By Mia Stevens, Staff Reporter, The Pawprint
A jarring 73% of highschool students suffer from not getting a healthy amount of sleep. There are many contributing factors to teen sleep deprivation or lack of energy. Sleep is crucial at any age but specifically in adolescents sleep is essential to their growth and development. Sleep helps with concentration, motivation, reduces stress and benefits our overall wellbeing and mental health.

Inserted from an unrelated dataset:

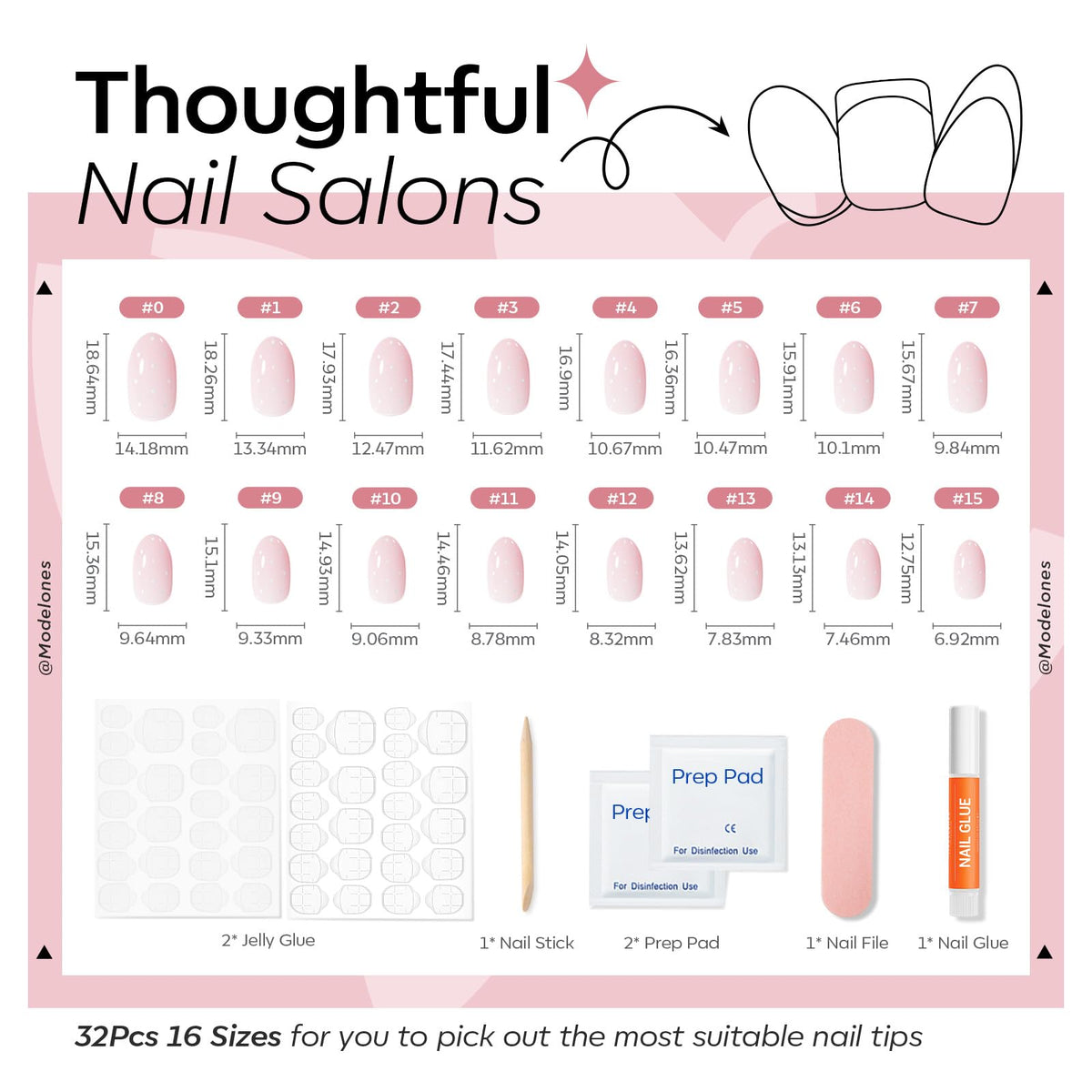 modelones nails beside ruler to show the 16 sizes and accurate fit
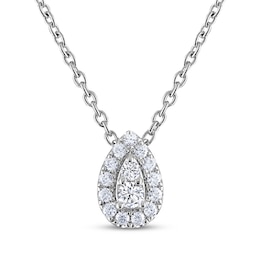 THE LEO Diamond Multi-Stone Teardrop Necklace 1/5 ct tw 14K White Gold 19&quot;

As puberty comes around and it’s harder for teens to obtain an adequate amount of sleep. It is crucial that teens have optimal opportunities to sleep so that they can accommodate for the rapid period of physical, cognitive and emotional development. As a developing body it’s common that the circadian rhythms (A circadian rhythm, or circadian cycle, is a natural, internal process that regulates the sleep–wake cycle and repeats roughly every 24 hours) shift, which cause teens to want to go to bed and wake up later. When teens fall into this habit it affects their REM sleep which ultimately can harm the body and mind. According to Shashank Joshi, MD “Sleep is believed to help regulate emotions, and its deprivation is an underlying component of many mood disorders, such as anxiety, depression and bipolar disorder.”
Another concern caused by sleep deprivation is substance abuse and risky behavior. This is stemmed from lack of sleep because without the recommended 8 hours teens lack impulse control and suffer from impared judgement. For example reckless driving, alcohol/substance abuse and neglecting grades. It’s also more common that teens with an irregular sleep schedule are more likely to use stimulants like caffeine and nicotine more excessively to a point it’s unhealthy. It’s important to take action when noticing these patterns with yourself or, if you’re a parent, your child.
Getting into the habit of limiting screen time before bed and adopting a well rounded night routine will help break this cycle. According to sclhealth.org the blue light emitted from your cell phone screen restrains the production of melatonin which is the hormone that is part of your sleep and wake cycle and helps us fall asleep. Flashing lights from your TV screens or the high brightness from your phone interrupts and reduces your REM sleep making it much harder to wake up in the morning and fully function throughout the day.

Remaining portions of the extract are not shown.